Some people complained that their names were missing from the voter lists, although it was unclear how many were affected.
“I want to vote for Mother Suu but they haven't given me my ballot paper so I'm here to demand it,” Zin Min Soe told AFP at a polling station.
“They can't just lose my vote,” he said.
The NLD also complained of ballot-paper irregularities, notably that wax had been put over the check box for the party, which could be rubbed off the ballot later to cancel the vote.
It was not immediately clear how widespread irregularities were.
“This is happening around the country,” NLD spokesman Nyan Win told AFP. “I have sent a complaint letter to the union election commission.”
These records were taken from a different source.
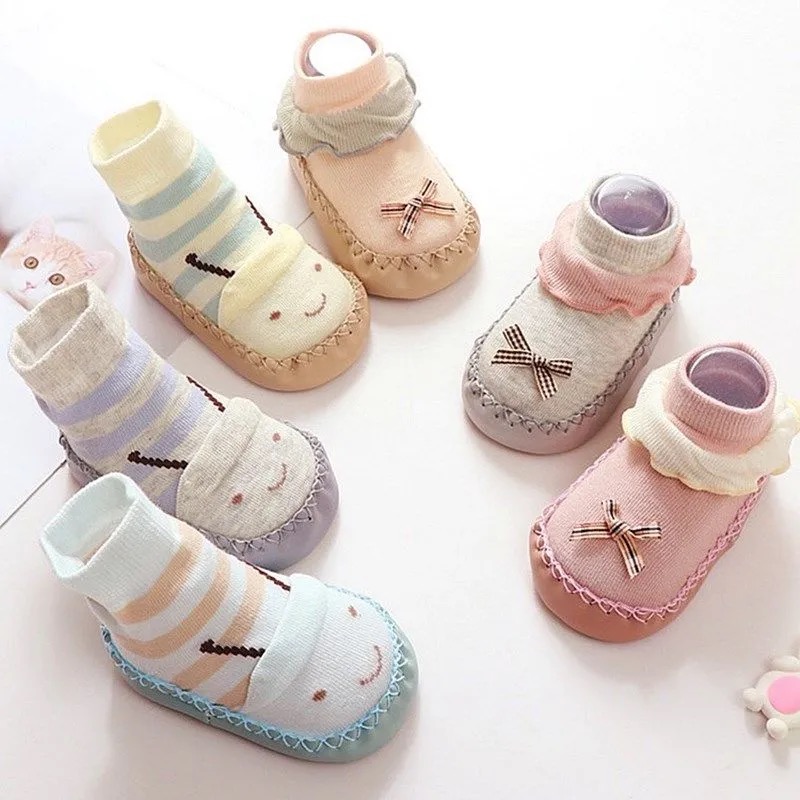 春秋夏季0一1岁儿童婴儿地板袜子新生儿宝宝防滑软底纯棉学步鞋袜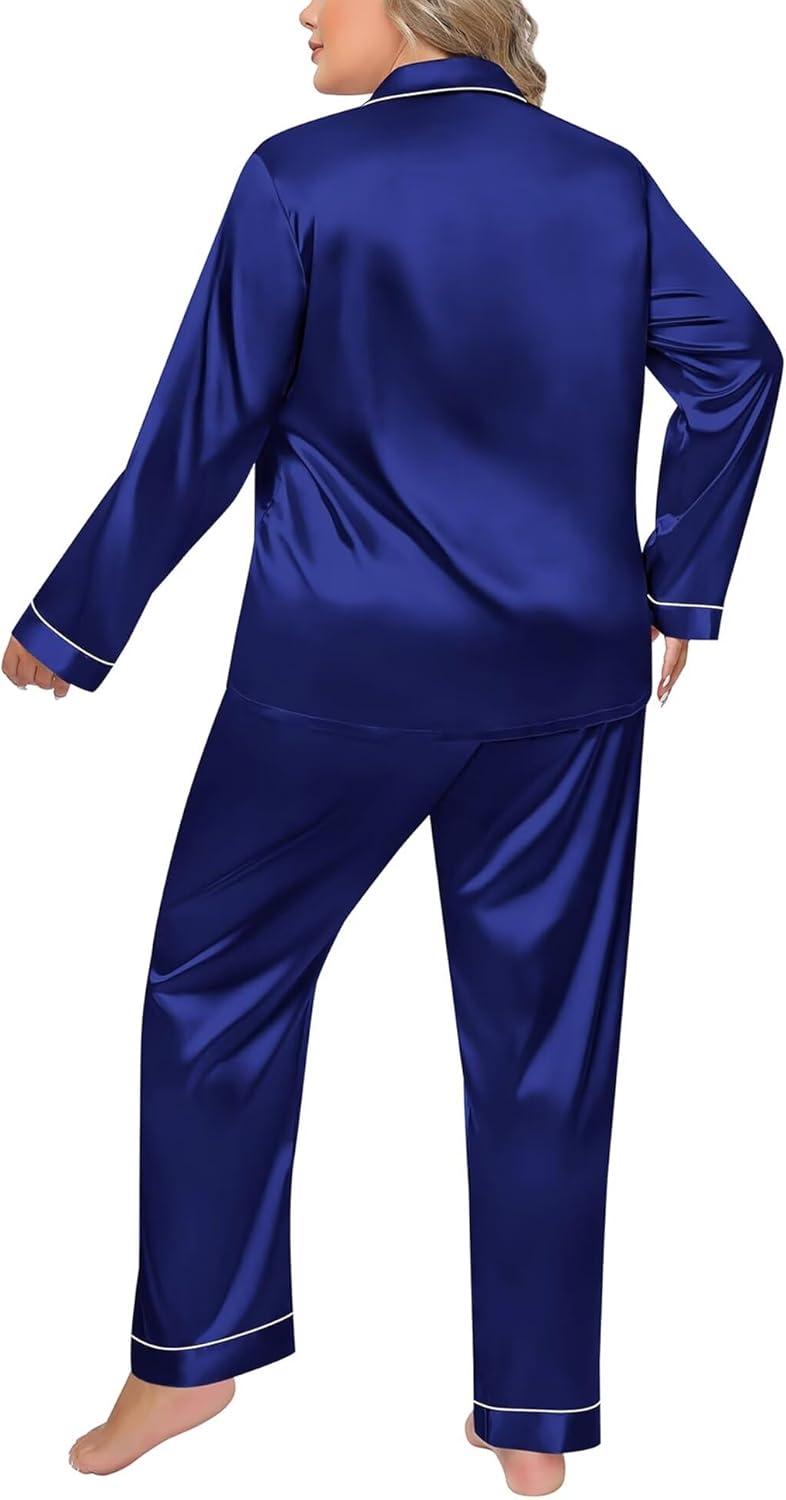 imageSWOMOG Womens Plus Size Pajamas Silky Pajama Set Button Down Sleepwear Classic Silk Pj Set Ladies Two Piece Loungewear SetPippingberry Blue
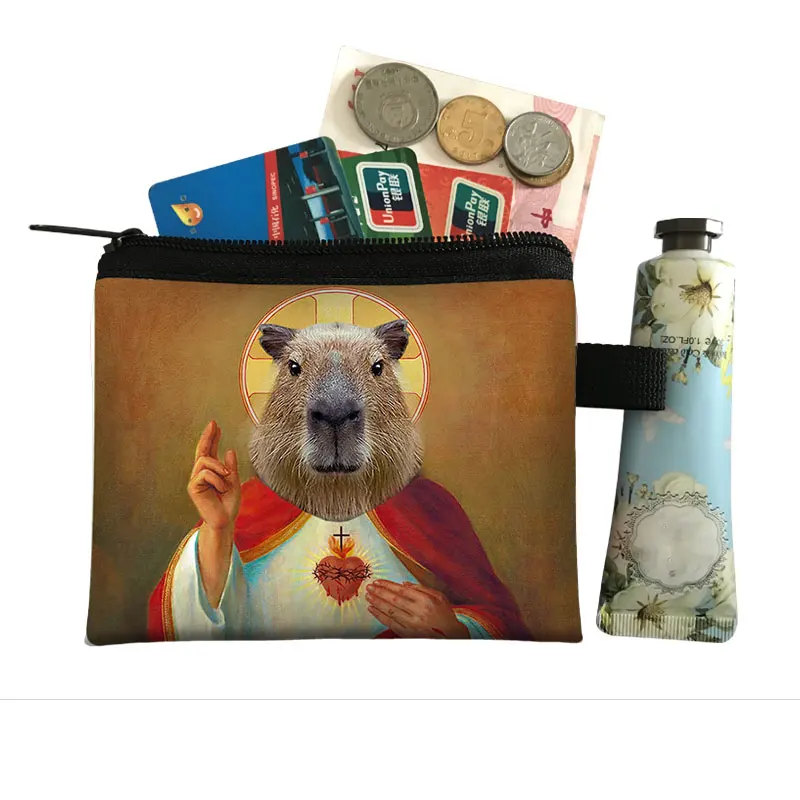 Animal Capybara Printing Coin Purse Women new Wallets Credit Card 2025 Key Earphone Holder Credit Card Bag Holder Casual Money Bags Gift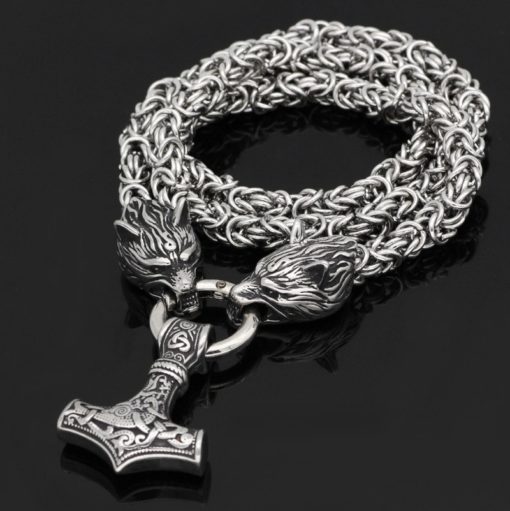 Viking Thor's Hammer Geri and Freki Wolf Necklace - Image 3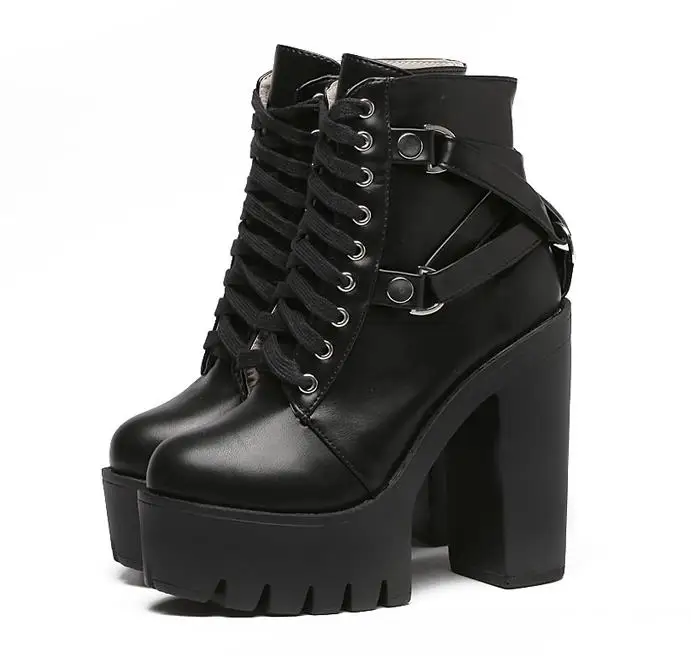 Fashion Women Gothic Boots Lace Up Ankle Boots Patchwork Platform Punk Shoes Ultra Very High Heel Bootie Block Chunky Heel
Fashion Women Gothic Boots Lace Up Ankle Boots Patchwork Platform Punk Shoes Ultra Very High Heel Bootie Block Chunky Heel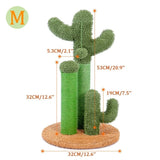 ZNTS Cat Scratching Post Cactus Cat Scratcher Featuring with 3 Scratching Poles and Interactive Dangling 58153982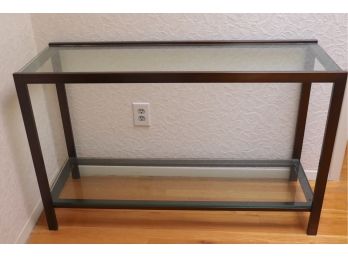 Modern Style Bronze Finish Metal & Glass Console Table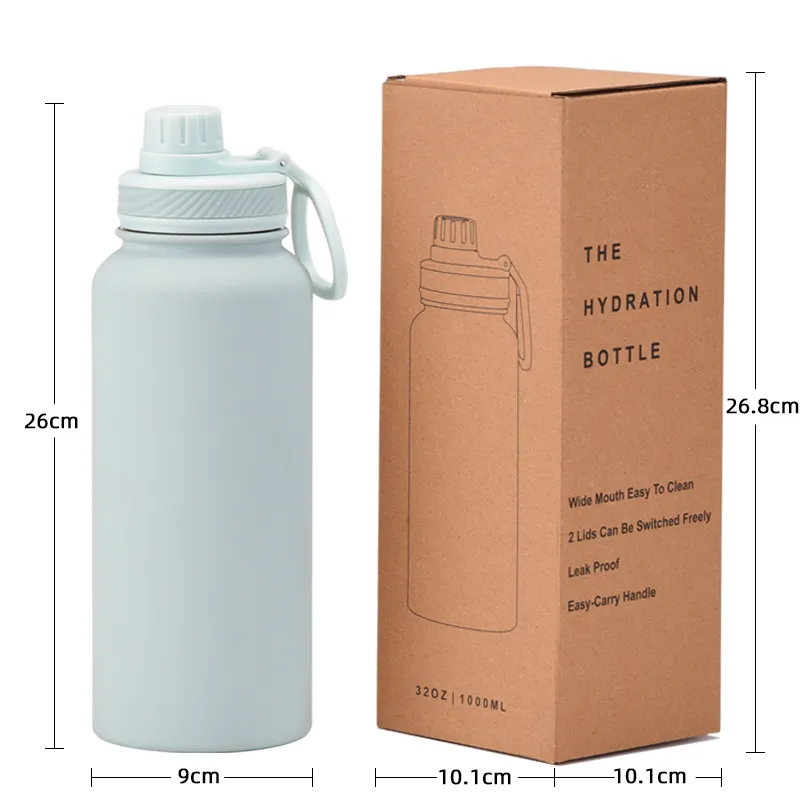 زجاجة ماء رياضية خارجية محمولة بسعة كبيرة من الفولاذ المقاوم للصدأ المطلي بالسيراميك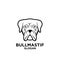 Bull Mastiff head dog logo design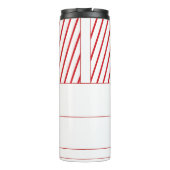 名前をカスタムする |キャンディーケーン&レッドストライプクリスマスクリスマス タンブラー (裏面)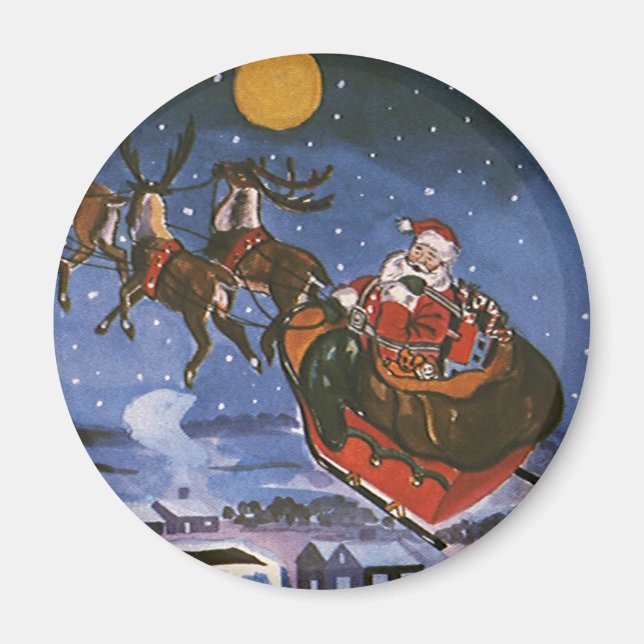 Vintage Christmas Santa Claus Flying His Sleigh Magnet (Front)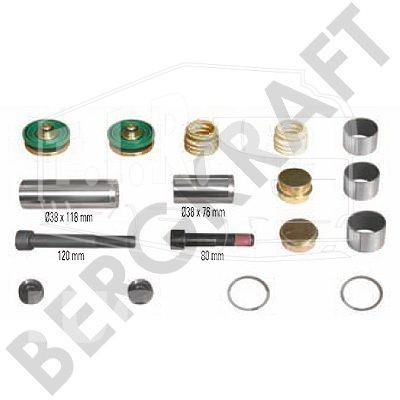 BK8509746, Р-к суппорта (направляющие+пыльники+болты) WABCO 19.5" — Bergkraft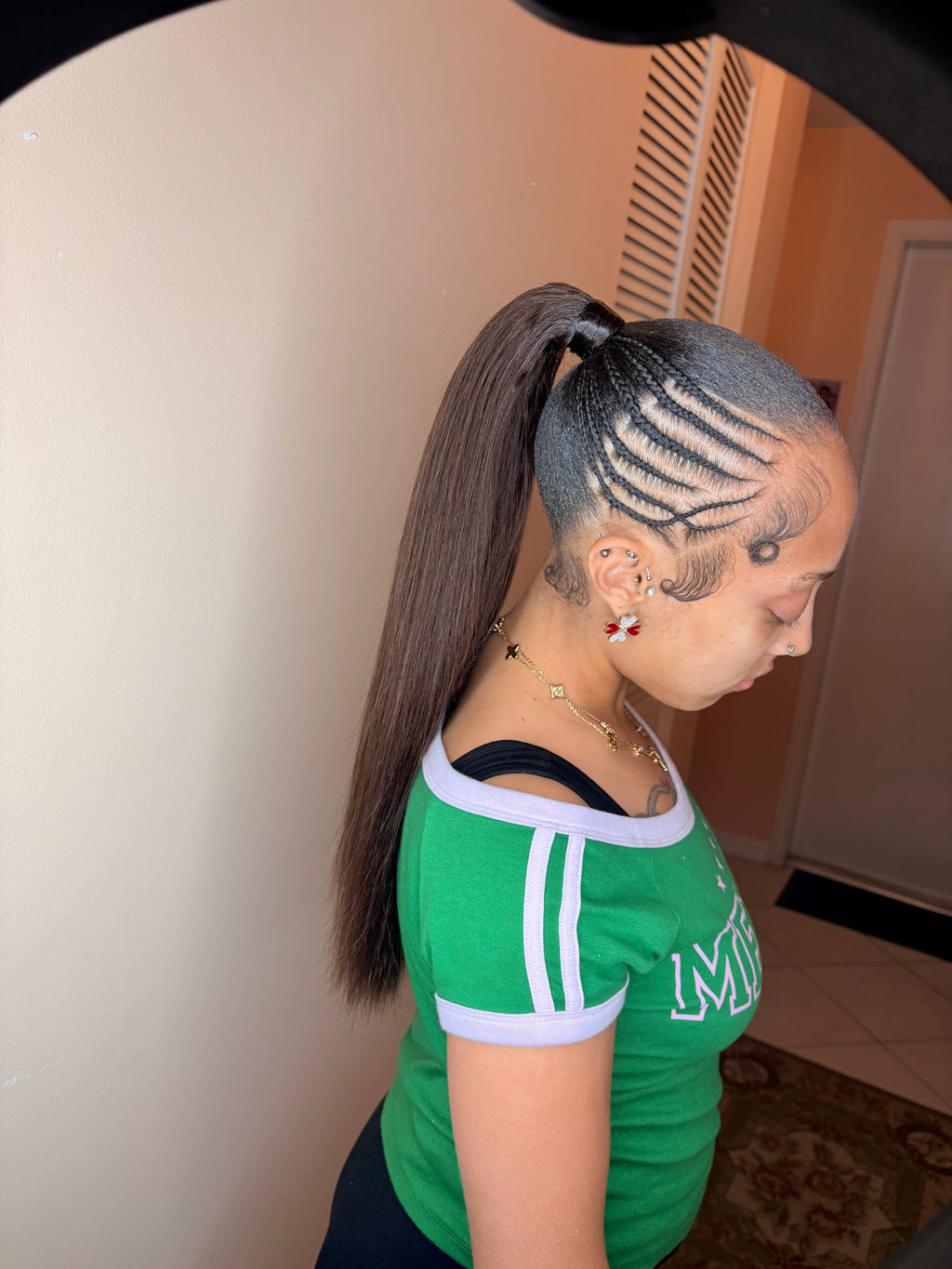 Ponytail With Small Stitch Braids Added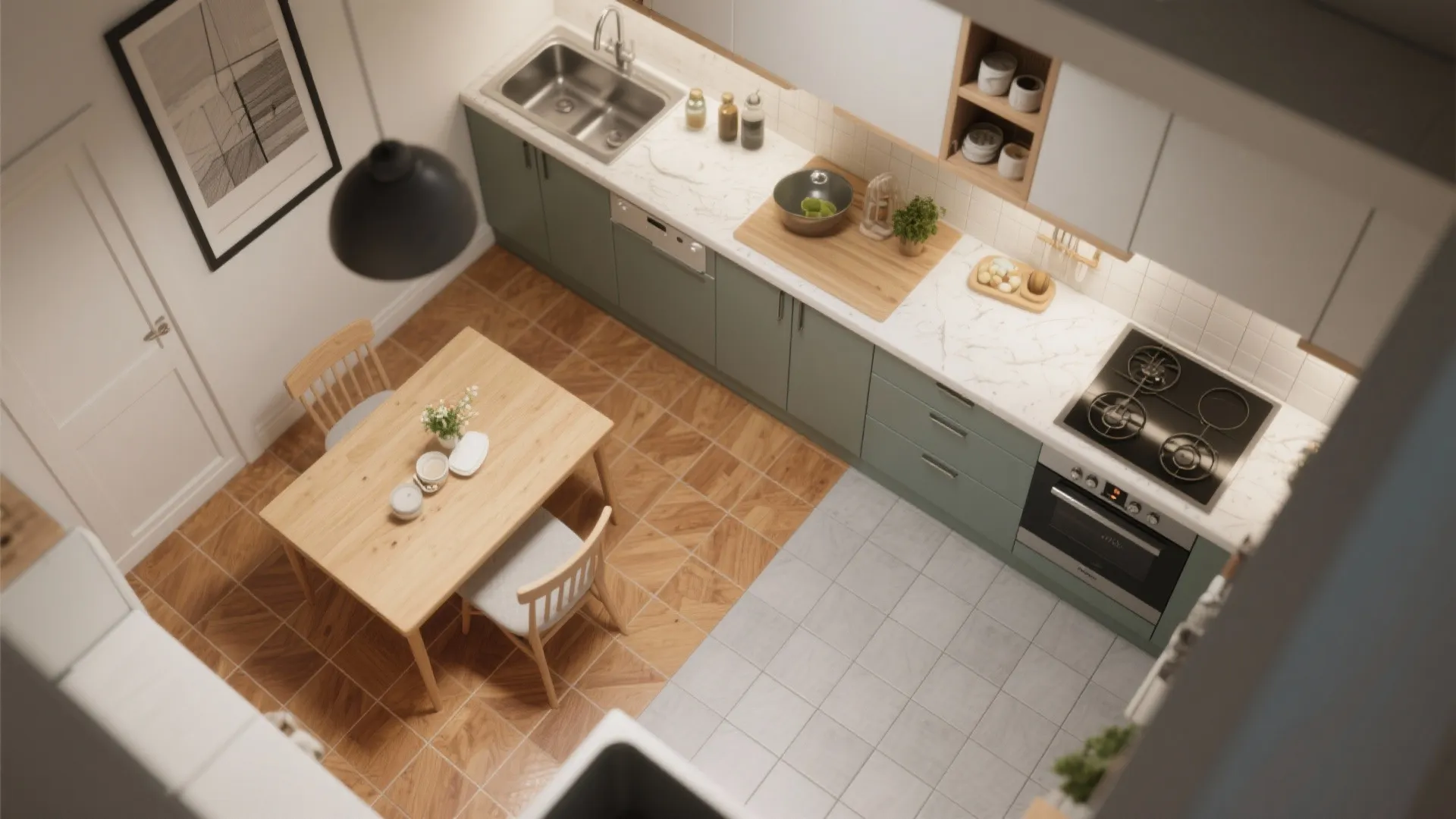 Top view of kitchen with two different floor tile colors separating zones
In Yangon, Myanmar opposition leader Aung San Suu Kyi hailed a “victory of the people” after her National League for Democracy (NLD) party declared she had won a seat in parliament for the first time.
“It's usual that NLD members and supporters are happy at this moment,” she said in a statement.
“But words, behaviour and actions that can harm and sadden other parties and people must be avoided completely. I would like all NLD members to ensure that the victory of the people is a dignified victory,” she added.
If confirmed, the win would mark a dramatic reversal in the political fortunes of the veteran activist, who was locked up by the former junta for most of the past 22 years. Official results were expected within a week.
Observers says Myanmar's quasi-civilian government needs Suu Kyi to take a place in parliament to bolster the legitimacy of its political system and spur an easing of Western sanctions against the regime.
But even if her party were to win all 44 seats it contested in Sunday's by-elections, it would not tip the balance of power in a parliament dominated by the military and its political allies.